Einwegverpackungen reduzieren
Zu den geplanten Maßnahmen gehören ein Verbot des Verkaufs von Kunststofftragetaschen mit einer Dicke von unter 15 Mikrometern, Ausnahmen sind aus hygienischen Gründen oder bei Primärverpackungen von losen Lebensmitteln vorgesehen. Im Gastronomiebereich sollen Kunden ihre eigenen Behälter zur Mitnahme von Speisen und Getränken nutzen können. 2029 soll es so weit sein, dass 90 Prozent der in den Verpackungen enthaltenen Materialien getrennt gesammelt werden. Gestrichen wurden Wiederverwendungsziele und das Verbot unnötiger Verpackungen.
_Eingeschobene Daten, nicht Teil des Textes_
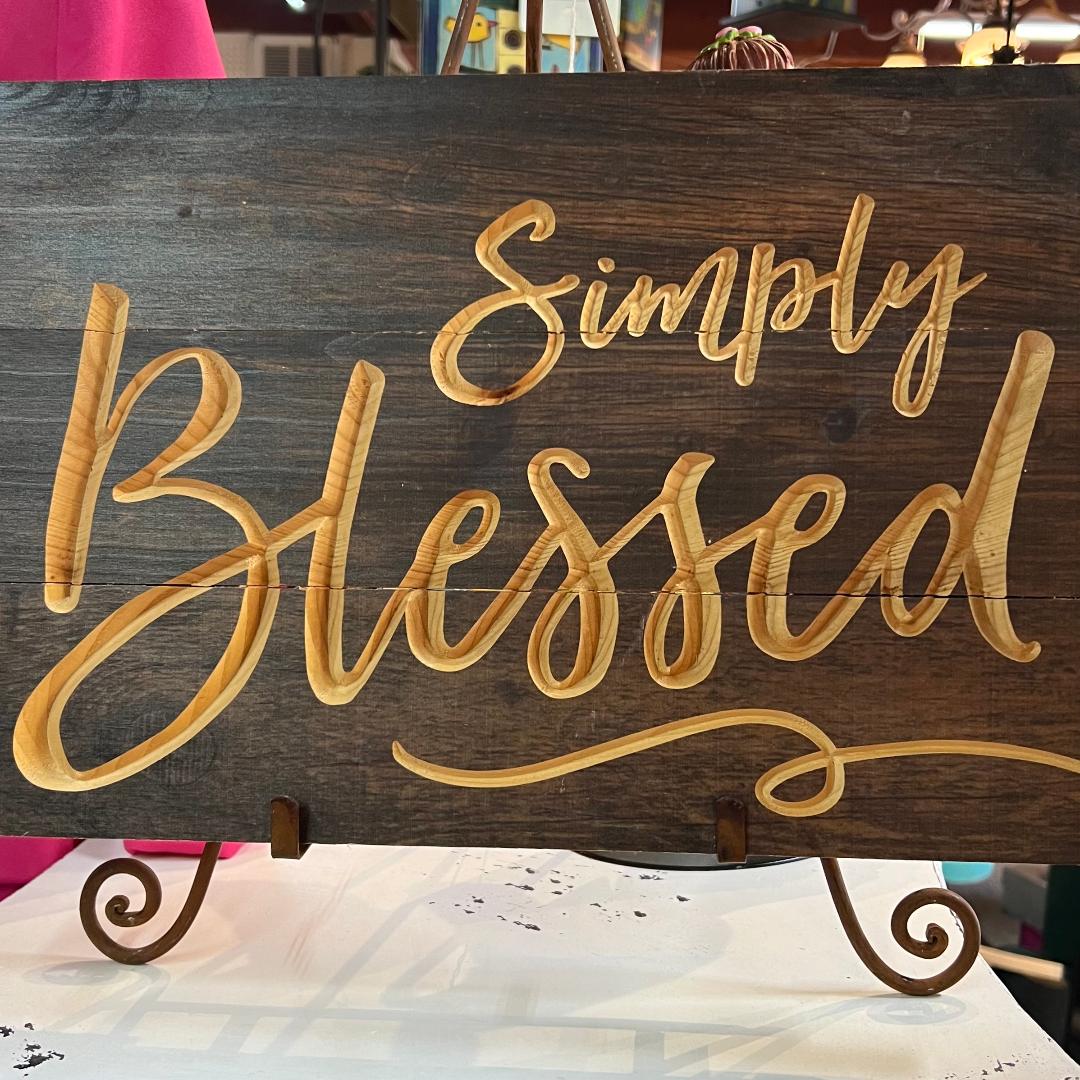 Simply Blessed Wood Engraved Sign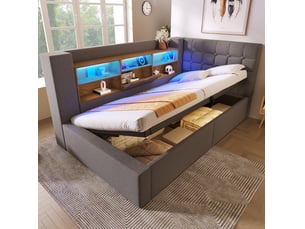 Lit avec rangement 90x190 cm <strong>COVREO </strong>  <strong></strong> coloris gris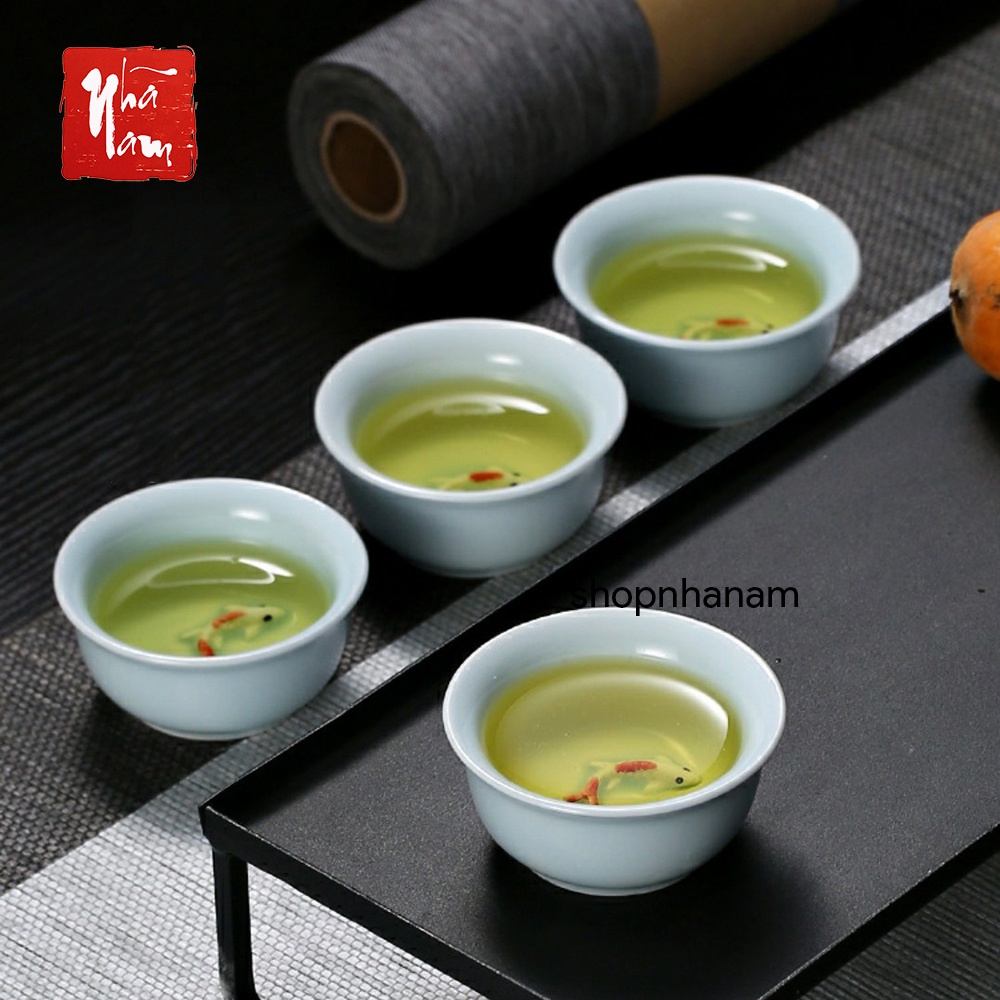 Chén trà cá chép họa tiết in nổi, chén men ngọc uống trà 3D cao cấp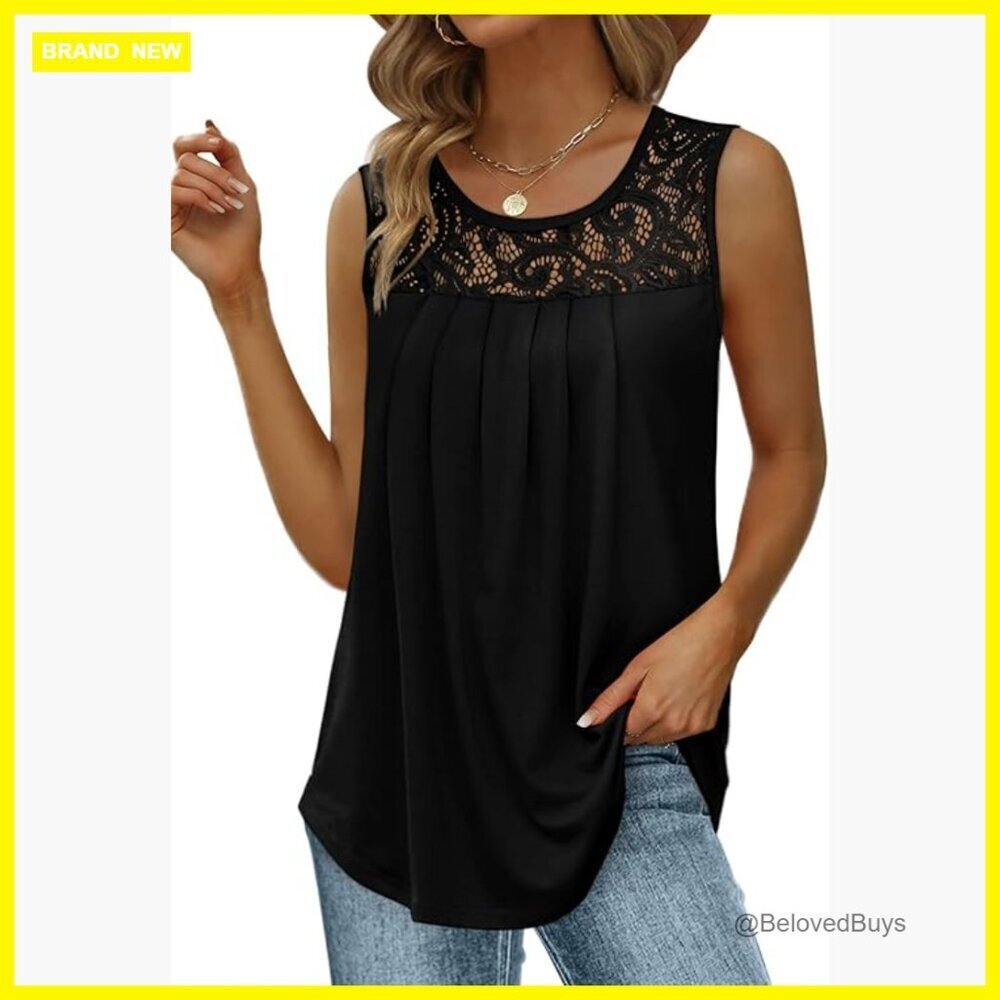 Loose Fit Pleated Tank Top Scoop Neck Lace Summer Tunic Flowy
Weniger Verbote als Pluspunkt
Die Heterogenität der Verpackungsbranche zeigt sich deutlich in den uneinheitlichen Reaktionen auf die Novelle. Die Arbeitsgemeinschaft Verpackung und Umwelt (AGVU) begrüßt den geringeren Anteil von Verboten konkreter Verpackungsformate. Es gebe geeignetere Instrumente wie verpflichtende Minimierungsvorgaben und nationale Reduktionsziele für Verpackungsabfälle, um die Menge der Verpackungen zu reduzieren. Ein Minus liege bei den fehlenden endgültigen Kriterien für die Recyclingfähigkeit. Die IK Industrievereinigung Kunststoffverpackungen stuft die Entscheidungen als kurzsichtig ein und warnt vor einem zu starken Austausch der Kunststoffpackungen. In Folge eines Austauschs von zehn Prozent dieser Verpackungen durch alternative Materialien stiegen die Emissionen um zehn bis 14 Prozent an. Die Menge des Verpackungsabfalls könne bei der Umsetzung um zehn bis 20 Prozent höher liegen. Durch Sonder-Reduktionsziele für Kunststoffverpackungen oder die Ausnahmen von Verbundverpackungen von den Rezyklateinsatz-Quoten könnten die ökologischen Ziele ausgehöhlt werden. Die ausgeweiteten Sonderregeln gefährdeten die Transformation hin zu weniger Verpackungsabfällen, besser recycelbaren Verpackungen und mehr Rezyklateinsatz, erklärt IK-Hauptgeschäftsführer Dr. Martin Engelmann. Dagegen bemängelt der Bundesverband Holzpackmittel, Paletten, Exportverpackung (HPE) eine zu starke Konzentration der PPWR auf die Kunststoffprodukte. Es gebe einen „One-size-fits-all“-Ansatz, bei dem Kunststoff und der nachhaltige Rohstoff Holz in einen Topf geworfen würden. Die Eigenschaften von Holz und die Beiträge von Holzverpackungen für die Kreislaufwirtschaft würden aber nicht berücksichtigt.
Maschinenbau übt Kritik
Der VDMA Fachverband Nahrungsmittelmaschinen und Verpackungsmaschinen sieht ein anderes Defizit der PPWR, denn sie führe zu einer Zurückhaltung bei den Investitionen. Diese seien in Deutschland zwischen Januar und September 2023 bereits um zwölf Prozent gesunken, erklärt Geschäftsführer Richard Clemens. Die EU verfolge die richtigen Ziele, doch eine vollständige Harmonisierung fehle, der Flickenteppich an spezifischen nationalen Verordnungen bestehe weiterhin. Nach Einschätzung des Deutschen Verpackungsinstitut (dvi) zeige die PPWR aber die Richtung, um sie zu erreichen. Durch die Anforderungen für den gesamten Lebenszyklus bilde sie einen „Meilenstein“. Aber für eine Integrität des Binnenmarkts seien Nachbesserungen bei der Harmonisierung der Nachhaltigkeits- und Abfallmanagementanforderungen notwendig. Europa benötige eine europaweite Infrastruktur für Wiederverwertung und Recycling und eine Definition des „Recycling in der Praxis“.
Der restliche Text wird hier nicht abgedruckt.